Der Fehler kann aber auch darin liegen, dass (zusätzlich oder sogar ausschließlich) Tatsachen nicht berücksichtigt wurden, die zu einer anderen Rechtsfolge führen würden, sei es, dass dazu in erster Instanz gar nichts vorgetragen wurde, kein Beweis erhoben wurde, Beweise falsch gewürdigt hat usw. Bei der Revision kann man (außer wenn neu vorgebrachten Tatsachen unstreitig sind) allenfalls erreichen, dass das Urteil aufgehoben und zurückverwiesen wird, damit die Feststellungen nachgeholt werden. Denn die Revision ist keine Tatsacheninstanz und es werden dort keine Beweise erhoben. Und auch das geht nur über den Umweg, dass falsche Tatsachenfeststellungen auch ein Rechtsfehler sein können.
In der Berufungsinstanz kann man dagegen - früher tatsächlich und heute theoretisch - einen ganz anderen Sachverhalt präsentieren, sodass das Berufungsgericht auf dieser Grundlage zu einer anderen Entscheidung kommt. Theoretisch deshalb, weil das seit der letzten großen Reform eigentlich nicht mehr sein soll.
Als Anwalt musst Du also im Blick haben, warum die neuen Tatsachen noch vorgebracht werde können und das begründen. Beispielsweise
- weil etwas in der ersten Instanz noch gar nicht geschehen war (Vertrag wurde inzwischen angefochten),
- weil das Gericht einen Hinweis unterlassen hatte und man daher keine Veranlassung zum Vortrag hätte,
- oder das Vorbringen würde zu Unrecht zurückgewiesen
usw. (Lies die Paragraphen zur Berufung mal unter dem Gesichtspunkt!).
Wichtig ist auch, dass Zeugen und andere Beweise (anders als bei der Berufung im Strafprozess!) nicht einfach erneut erhoben werden, sondern nur bei konkreten Zweifeln. Die musst Du also in der Berufungsbegründung wecken.
Man könnte schreiben: "Im Übrigen ist der vom Ausgangsgericht zugrundegelegte Sachverhalt auch unrichtig. Auf Grundlage der korrekten Tatsachenfeststellung wäre die Klage abzuweisen gewesen. Zunächst ist der Vertrag, auf den das Urteil den Anspruch stützt, inzwischen angefochten worden. Wegen des irreführenden Hinweises des Ausgangsgerichts, es komme hierauf nicht entscheidend an, ist zudem nicht vorgetragen worden, woraus sich die Nichtigkeit des Vertrags wegen Geschäftsunfähigkeit ergibt.
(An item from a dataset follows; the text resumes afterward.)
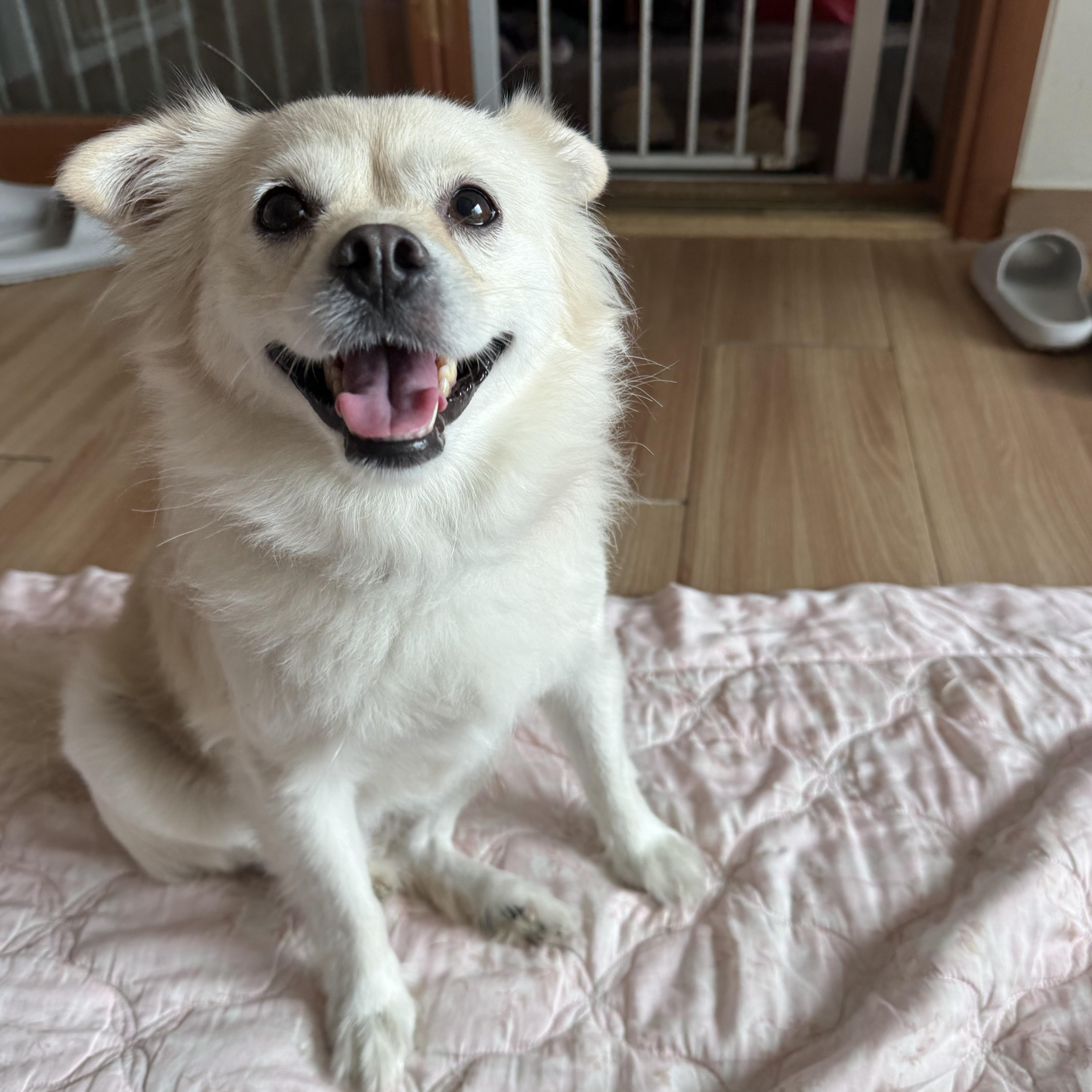 An adult small-sized female Spitz dog named Sooni for adoption in DANVERS, MA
Schließlich ist das Ausgangsgericht zu Unrecht davon ausgegangen, der Beklagte habe auf sein Anfechtungsrecht verzichtet, denn es hat sich bei der Würdigung der Aussage des Zeugen X nicht mit der Urkunde Seite y befasst. Im Einzelnen:..."
Das so als Erklärung. In der Berufungsbegründung würde ich es umdrehen und zuerst die Tatsachenbasis schaffen und dann die Rechtslage darstellen.
Auch dir herzlichen Dank für diese ausführliche Antwort!
Zum Verständnis, kann nach einem erstinstanzlich ergangenen Urteil ein Vertrag noch angefochten werden oder ist die Anfechtung als Verteidigungsmittel präkludiert?